TiVo: Can you please enable this application? I'm sure that many, many people would be very happy.


----------



## jbarrbbn (Mar 15, 2014)

Yes, we need this. PLEASE make sure it happens quickly. 

Tivo supports Netflix, Amaxon, and Hulu. Adding Plex would make it an all-in-one box so I don't need nearly as many devices in my TV cabinet.


----------



## jcthorne (Jan 28, 2002)

While it might provide a 'prettier' interface, I just don't see what this would bring to Tivo that is not offered now. Rumor has it that it may be coming though.


----------



## just4fn44 (Dec 28, 2006)

Tivo boasts one box for all. There are a lot of Plex users that have to use another box to use Plex. It would be nice to have Plex on the Tivo box.


----------



## leitzsout (Feb 13, 2013)

+1...bring it on, my Tivo and Plex need to meet.


----------



## shwru980r (Jun 22, 2008)

Will this allow you to access the web video channels that you can add to the plex server?


----------



## SlammedNiss (Sep 24, 2012)

shwru980r said:


> Will this allow you to access the web video channels that you can add to the plex server?


Hopefully. Even though my Samsung Smart tv has the Plex app, none of the web channels work.


----------



## crowfan (Dec 27, 2003)

+1 here as well. I love Plex and would LOVE to have it on the Roamio.


----------



## ldarcangelo (Oct 29, 2014)

jcthorne said:


> While it might provide a 'prettier' interface, I just don't see what this would bring to Tivo that is not offered now.
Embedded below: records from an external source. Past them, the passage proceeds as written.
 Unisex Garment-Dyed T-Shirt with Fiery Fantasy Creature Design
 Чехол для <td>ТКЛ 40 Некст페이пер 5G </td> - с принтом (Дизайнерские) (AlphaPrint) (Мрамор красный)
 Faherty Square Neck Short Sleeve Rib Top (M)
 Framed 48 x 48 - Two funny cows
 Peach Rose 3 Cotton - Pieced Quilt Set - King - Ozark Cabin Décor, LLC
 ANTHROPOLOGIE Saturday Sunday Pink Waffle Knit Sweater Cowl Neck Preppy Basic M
Rumor has it that it may be coming though.


I see your point but for me the only thing that TiVo is missing is a quick interface to play items from a DLNA server. I'm currently running PyTivo on my Roamio and it works but the whole transferring process takes to long. My example for this is a home movie. When I use the PS3 and I find a video that is shaky or has problems I just go back and move to the next and playback is instantaneous. With PyTivo I have to go and delete the file then transfer another and then watch. With Plex the playback would be much faster and not force you to transfer items (Which fills up your Tivo hard drive) despite already being stored somewhere else (In my case a NAS).

In short this would be an awesome addition and for me would be pretty major.
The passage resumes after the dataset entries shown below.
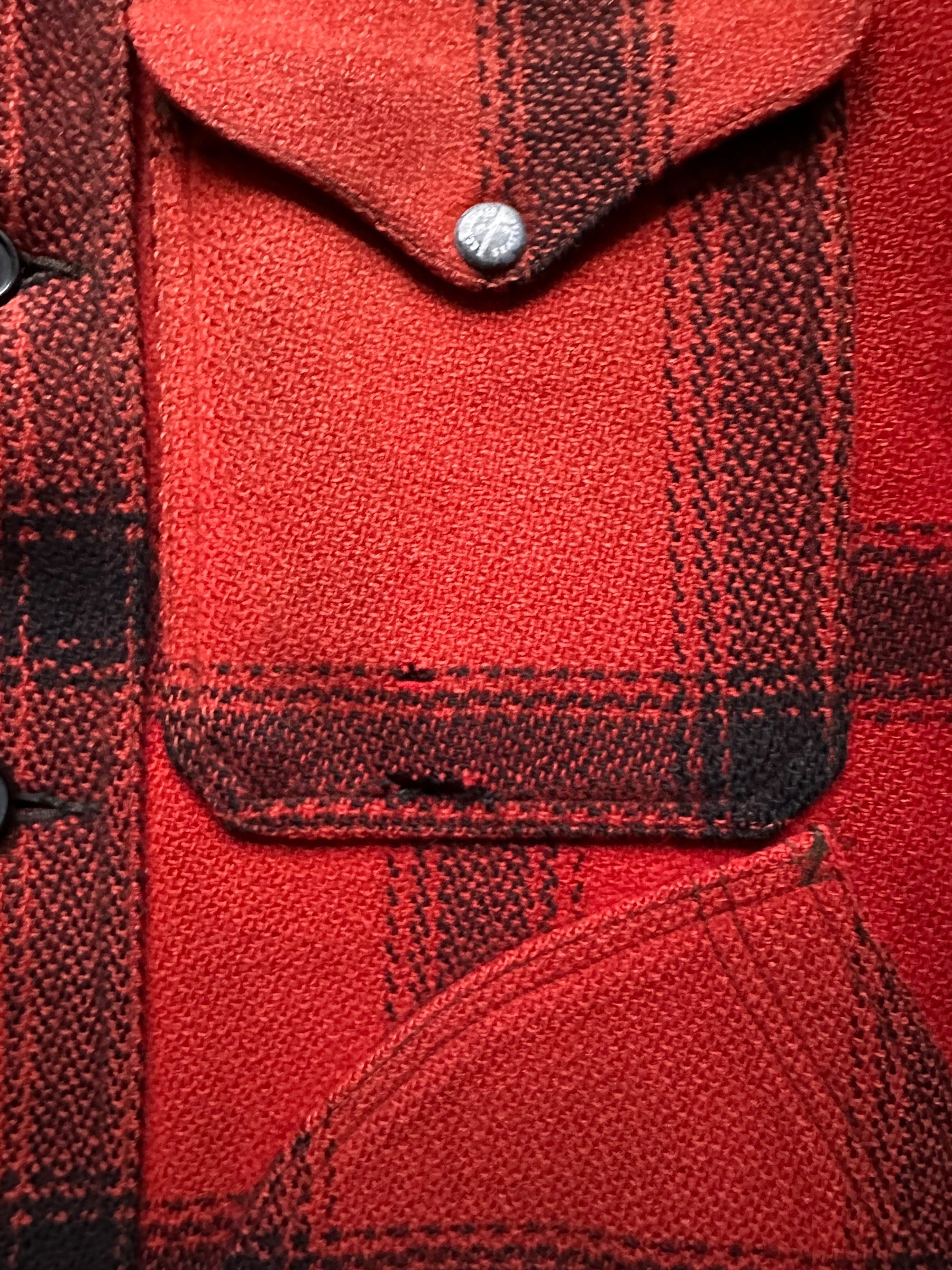Upper Front Left Pocket View of Vintage 75% Red Filson Hunter Wool Jacket SZ 44 | Vintage Filson Workwear Seattle | Vintage Workwear Seattle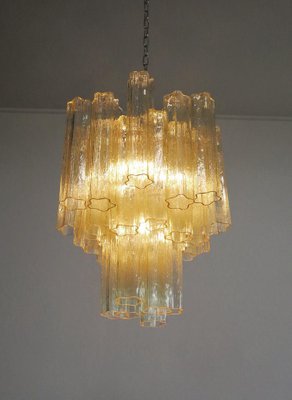 Tube Chandeliers in Gold Murano Glass, 1970s, Set of 3-OVO-1235238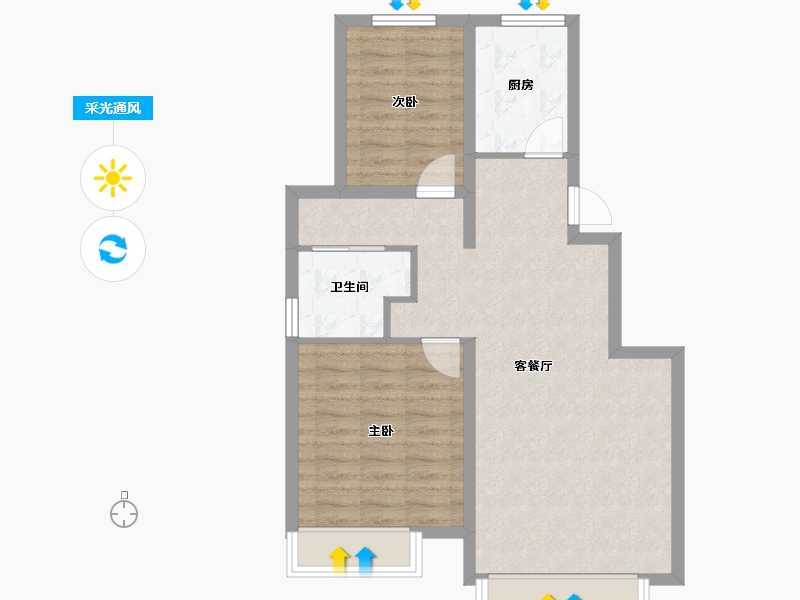 天津-天津市-当代公园阅MOMA16号楼建面86m²-68.80-户型库-采光通风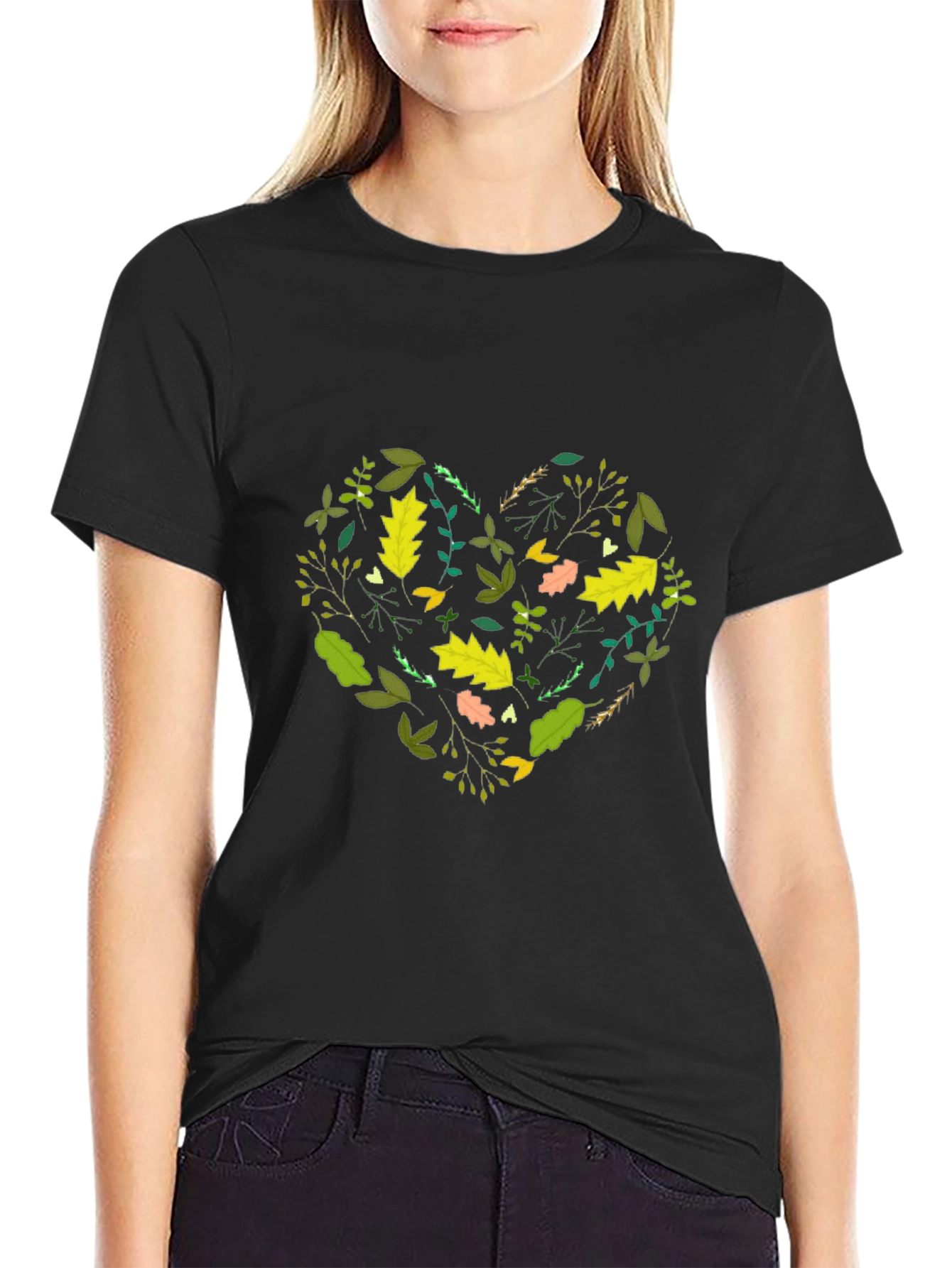Nature Heart Graphic Tee - Black Cotton Blend Shirt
Unless someone knows of something that already does this?


----------



## jrtroo (Feb 4, 2008)

With pytivo, I key up a bunch of transfers in a row all the time, stop the transfer, the next one starts immediately.

Often, I'll use my tablet to push a movie (or several at once) to my tivo. Super simple and fast. I use a home-built WHS box and an always on PC.


----------



## ldarcangelo (Oct 29, 2014)

jrtroo said:


> With pytivo, I key up a bunch of transfers in a row all the time, stop the transfer, the next one starts immediately.
> 
> Often, I'll use my tablet to push a movie (or several at once) to my tivo. Super simple and fast. I use a home-built WHS box and an always on PC.
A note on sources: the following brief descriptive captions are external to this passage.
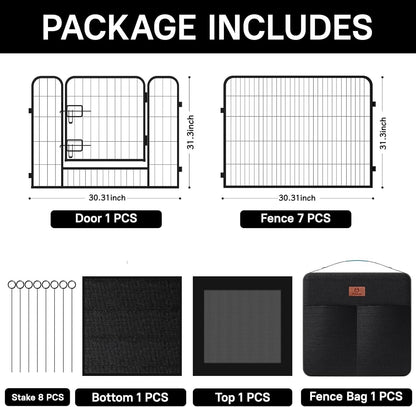 PJYuCien Dog Playpen Plus Storage Bag, 31.3" H 8 Panels Puppy Pen with Square Bottom & Top Cover, Heavy Duty Dog Fence for Camping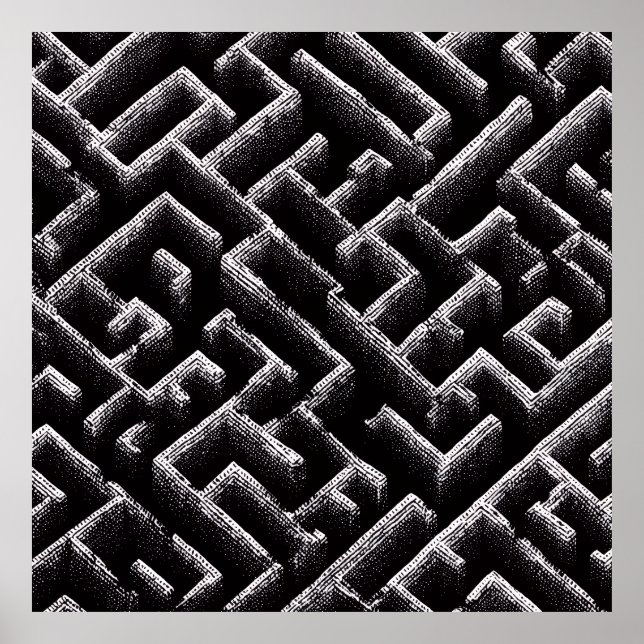 Póster Black & White Optical Illusion Maze Pattern Art (Frente)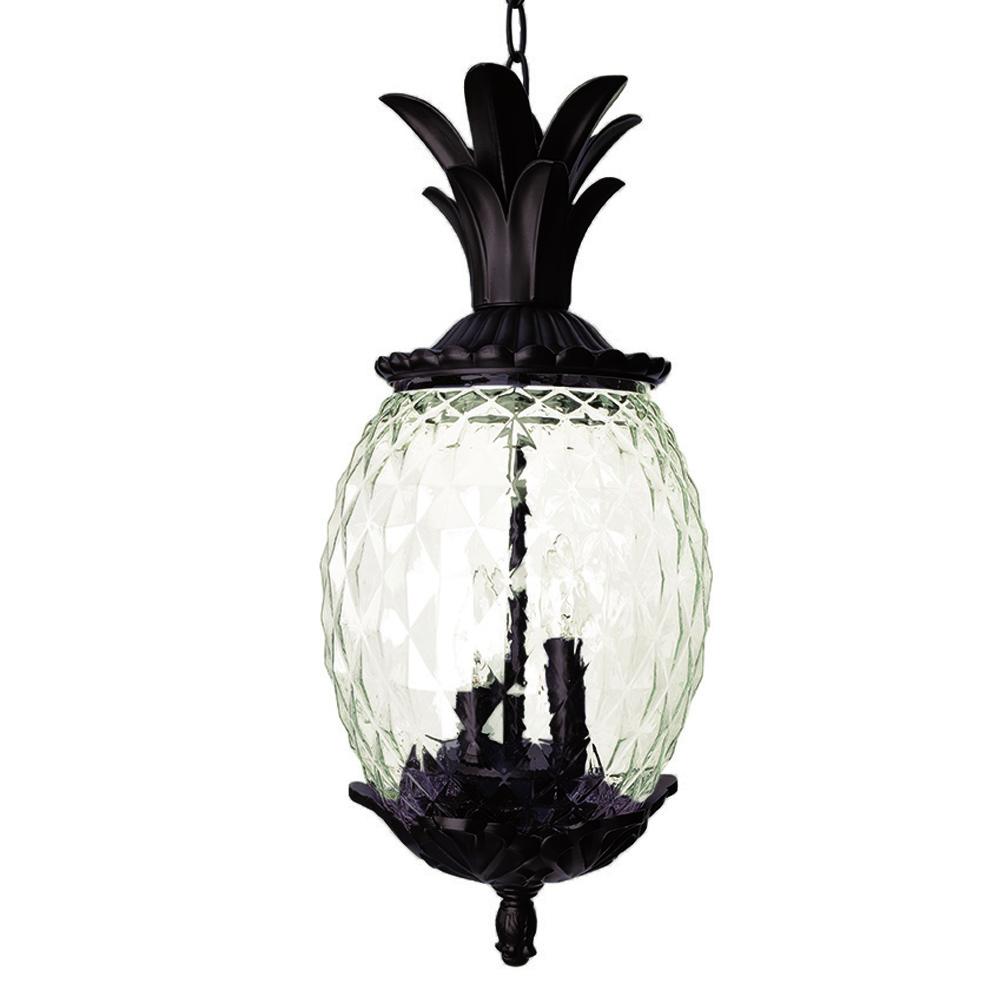 Lanai Collection Hanging Lantern 3-Light Outdoor Black Coral Light Fixture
Still, that's a pain, on several different levels. 1) Your adding a ton of extra steps for non technical users (Think Moms and Kids). Quite frankly my wife has trouble changing the inputs on the TV but thoroughly understands the TiVo UI. A built in app inside the TiVo or Opera Store would be super easy to use (I think). 2) Even with super fast network speeds the items still have to be trans-coded to the correct TiVo format. This can take forever and if the files are in mp4 format (I Think) ,they don't require trans-coding on the Plex server. 3). It takes up space unnecessarily, why can't it just play from where its pulling from? When you start moving HD files they end up being pretty huge.

I feel like a Plex app would solved all these issues. Some trans-coding will still likely have to take place but I'm sure it would be pretty fast and wouldn't fill up the device supplying the media. My two cents anyways :up:


----------



## JediRich (May 20, 2002)

Would like to see PLEX option on TIVO also.


----------



## DFWDave (May 17, 2004)

About to head down the Plex path for my movie library in my home. I'm an all Tivo, multi Tivo household. Plex access in the Opera store will solidify my Tivo loyalty for years to come just for the simplicity it would allow me to provide others in my household.


----------



## ldarcangelo (Oct 29, 2014)

DFWDave said:


> About to head down the Plex path for my movie library in my home. I'm an all Tivo, multi Tivo household. Plex access in the Opera store will solidify my Tivo loyalty for years to come just for the simplicity it would allow me to provide others in my household.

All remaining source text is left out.